The International Antimilitarist Association (Association internationale antimilitariste, AIA) was a pacifist association founded in Amsterdam in 1904 that was dedicated to fighting militarism. Although technically open to all political views, it was dominated by anarchists. The members agreed that the workers should revolt if war were declared, but disagreed on whether soldiers should desert. They were subjected to police surveillance and arrests. By 1908 the association had few remaining members.

==Background==

In December 1902 Georges Yvetot was one of the founders of the Ligue antimilitariste, along with fellow anarchists Henri Beylie, Paraf-Javal, Albert Libertad and Émile Janvion.
The Ligue antimilitariste was to become the French section of the Association internationale antimilitariste (AIA).
Beylie was secretary-treasurer of the league.
In 1903 he published the brochure Le militarisme. Ses causes, ses conséquences, les moyens de le combattre.

==Foundation==

The founder of the AIA was the Dutch pastor Ferdinand Domela Nieuwenhuis of Amsterdam, a socialist who considered that militarism was created by the capitalist press, politicians and education.
The anarchists Charles Malato, Urbain Gohier and Victor Méric were founding members of the AIA, also called the Association internationale antimilitariste des travailleurs (AIAT), in 1904.
Yvetot and Miguel Almereyda (Eugène Vigo) led the French section and sat on the AIA committee.
The AIA was open to workers of all political leanings, including socialists, syndicalists and anarchists. Yvetot wrote in the AIA bulletin, "There is no need that is more urgent than antimilitarist propaganda. ... This is why, outside of political groups, outside even of economic groups, the AIA truly has its raison d'être."

==History==

On 26-28 June 1904 the AIA held its founding congress in Amsterdam, with a 12-member delegation from France. L'Ennemi du Peuple reported that there were 4,500 attendees at the last public meeting, but this is probably an exaggeration. The congress was dominated by anarchists, but also included syndicalists and communists. The question of whether refusal of military service should be AIA strategy was hotly debated.
Libertad and Paraf-Javal considered the simple call for desertion as too timid, and refused to participate further.

Although technically not linked to the Confédération Générale du Travail, (CGT), the AIA moved its headquarters into the CGT building and had many of the same members.
The AIA was the subject of intense police surveillance.
The AIA held a national congress in Saint-Étienne on 14-16 July 1905, attended by delegates from across France.
It was agreed that the AIA was committed to a workers' revolution in the event of war, but that it was neutral on the subject of desertion.

After publishing a poster aimed at conscripts, twenty eight members of the AIA were tried on 26–30 December 1905.
Twenty six received harsh sentences, including Gustave Hervé with four years in prison and Miguel Almereyda with three years.
Eventually they were pardoned on 14 July 1906.
The second AIA congress was held in Amsterdam on 30–31 August 1907.
However, by 1907 the organization was in terminal decline in France, with only small groups remaining in the main cities.
In September 1907 Le Libertaire called for formation of a new French antimilitarist federation.
At a meeting in Paris in October 1907 the secretary-treasurer for greater Paris was expelled for extorting subscription fees, and for rumors that he was being paid by the police.

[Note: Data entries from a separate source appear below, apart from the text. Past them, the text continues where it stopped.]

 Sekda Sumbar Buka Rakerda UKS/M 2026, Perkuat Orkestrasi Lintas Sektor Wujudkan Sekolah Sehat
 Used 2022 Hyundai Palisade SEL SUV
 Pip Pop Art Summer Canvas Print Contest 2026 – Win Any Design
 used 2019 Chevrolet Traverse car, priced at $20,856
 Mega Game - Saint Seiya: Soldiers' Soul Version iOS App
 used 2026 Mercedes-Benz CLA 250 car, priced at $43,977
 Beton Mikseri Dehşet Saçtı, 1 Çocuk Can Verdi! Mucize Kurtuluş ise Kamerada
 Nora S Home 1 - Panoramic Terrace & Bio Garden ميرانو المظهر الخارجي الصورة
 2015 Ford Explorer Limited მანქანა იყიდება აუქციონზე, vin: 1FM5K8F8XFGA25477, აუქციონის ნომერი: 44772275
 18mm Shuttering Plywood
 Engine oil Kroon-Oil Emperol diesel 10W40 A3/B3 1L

The AIA tried to revive itself in March 1908 under the leadership of Georges Durupt and Gaston Delpech, but was unable to obtain an adequate base of support. Since 1921 organization cooperated with the War Resisters' International. Organization remained active in the Netherlands and ceased to exist in 1939.

==Publications==

L'Action antimilitariste : organe mensuel de combat, the journal of the AIA, appeared in 1904 and 1905.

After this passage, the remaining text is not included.